Grown children may not want to think or hear about it, but many older adults are still enjoying an active and fulfilling sex life. In fact, a recent poll found that 40 per cent of Americans between 65 and 80 are sexually active and more than 70 per cent of those surveyed said they were satisfied with their sex lives.
The University of Michigan Institute for Healthcare Police and Innovation Survey found that not only are seniors interested in sex, whether or not they have a romantic partner, more than half say that sex is important to their quality of life. And besides experiencing the gratification of orgasm, a healthy sex life can also help lower blood pressure and reduce stress.
Although many older adults, even seniors in their 80s are sexually active, few (only 17 per cent) have talked with their doctor about their sexual health in the past two years. Seniors who may be dealing with a chronic illness, disability or a change in hormone production could benefit from talking through their issues with their doctor or a sex therapist to enhance their intimate experiences.

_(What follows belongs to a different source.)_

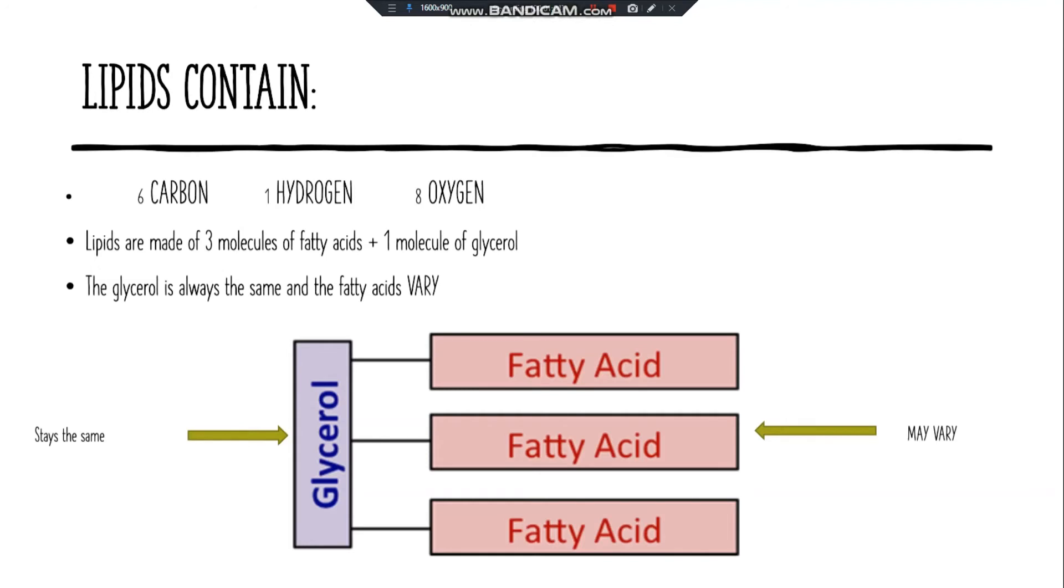Lipids contain carbon, hydrogen, and oxygen. Lipids are made of three molecules of fatty acids and one molecule of glycerol. The glycerol is always the same, and the fatty acids vary.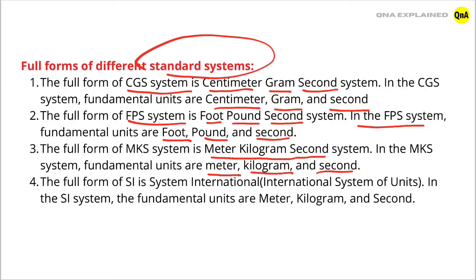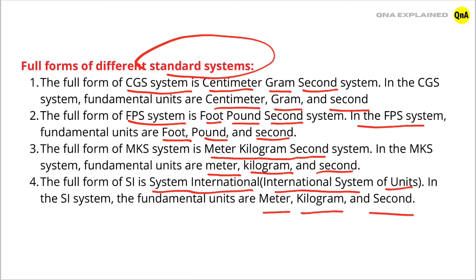The full form of SI is System International or International System of Units. In SI system, fundamental units are meter, kilogram, and second.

Discussing sexually transmitted diseases, which are on the rise in this demographic, with a doctor is also important for older adults who may have been with one partner for many years. Believing they don’t need protection because the risk for pregnancy is no longer a concern, many seniors are leaving themselves vulnerable to STDs. This poll reminds us that older adults are still interested in sex; frank and open conversations between health care providers and senior patients is valuable to encourage the best quality of life possible.
Having sex, at least once a week, can help promote a feeling of well being by releasing oxytocin. And regular sex may also lower the risk for prostate cancer among men, can reduce chronic pain and help facilitate a better night’s sleep. Lastly, sexual activity can also burn a few extra calories, if you needed another reason to rekindle the fire in the furnace.